## WHAT THE TASK REQUIRES
Show each line of the entries below in which the word "phospho" appears.

## DATA SHOWN
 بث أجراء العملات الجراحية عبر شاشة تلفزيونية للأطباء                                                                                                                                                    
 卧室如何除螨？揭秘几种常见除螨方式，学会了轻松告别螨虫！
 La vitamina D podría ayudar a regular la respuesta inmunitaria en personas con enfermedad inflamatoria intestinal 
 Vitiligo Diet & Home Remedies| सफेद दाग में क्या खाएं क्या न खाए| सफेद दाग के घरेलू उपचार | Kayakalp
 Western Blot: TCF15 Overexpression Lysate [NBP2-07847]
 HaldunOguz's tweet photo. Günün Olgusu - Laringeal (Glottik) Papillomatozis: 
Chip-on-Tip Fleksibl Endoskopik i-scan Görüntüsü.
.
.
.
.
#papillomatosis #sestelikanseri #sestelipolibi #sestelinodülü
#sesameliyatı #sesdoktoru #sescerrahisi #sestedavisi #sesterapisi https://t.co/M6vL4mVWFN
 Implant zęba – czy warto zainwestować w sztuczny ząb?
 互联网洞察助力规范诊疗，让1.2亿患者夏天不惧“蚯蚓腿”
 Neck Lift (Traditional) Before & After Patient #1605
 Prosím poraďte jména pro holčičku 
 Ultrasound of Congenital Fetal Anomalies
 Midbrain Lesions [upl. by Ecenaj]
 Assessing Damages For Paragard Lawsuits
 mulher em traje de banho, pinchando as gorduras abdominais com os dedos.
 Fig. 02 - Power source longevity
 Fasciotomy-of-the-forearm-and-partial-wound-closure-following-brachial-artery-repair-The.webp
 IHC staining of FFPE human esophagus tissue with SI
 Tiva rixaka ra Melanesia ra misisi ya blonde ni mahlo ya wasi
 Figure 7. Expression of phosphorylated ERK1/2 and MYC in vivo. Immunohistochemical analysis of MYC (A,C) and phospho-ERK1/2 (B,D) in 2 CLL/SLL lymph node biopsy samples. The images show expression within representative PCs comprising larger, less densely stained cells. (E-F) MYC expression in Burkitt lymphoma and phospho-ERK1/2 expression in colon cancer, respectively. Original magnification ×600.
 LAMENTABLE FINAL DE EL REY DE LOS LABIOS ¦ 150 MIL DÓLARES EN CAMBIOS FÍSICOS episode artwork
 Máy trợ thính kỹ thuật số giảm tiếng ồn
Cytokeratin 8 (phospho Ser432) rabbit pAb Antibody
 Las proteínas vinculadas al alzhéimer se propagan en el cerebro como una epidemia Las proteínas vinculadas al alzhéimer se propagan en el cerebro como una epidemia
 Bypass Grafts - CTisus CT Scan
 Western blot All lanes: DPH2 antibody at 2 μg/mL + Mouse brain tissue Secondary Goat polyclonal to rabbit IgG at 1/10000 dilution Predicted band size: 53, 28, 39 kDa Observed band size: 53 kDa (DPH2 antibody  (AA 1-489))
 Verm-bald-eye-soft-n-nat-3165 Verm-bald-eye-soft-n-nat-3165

## EXPECTED ANSWER
 Figure 7. Expression of phosphorylated ERK1/2 and MYC in vivo. Immunohistochemical analysis of MYC (A,C) and phospho-ERK1/2 (B,D) in 2 CLL/SLL lymph node biopsy samples. The images show expression within representative PCs comprising larger, less densely stained cells. (E-F) MYC expression in Burkitt lymphoma and phospho-ERK1/2 expression in colon cancer, respectively. Original magnification ×600.
Cytokeratin 8 (phospho Ser432) rabbit pAb Antibody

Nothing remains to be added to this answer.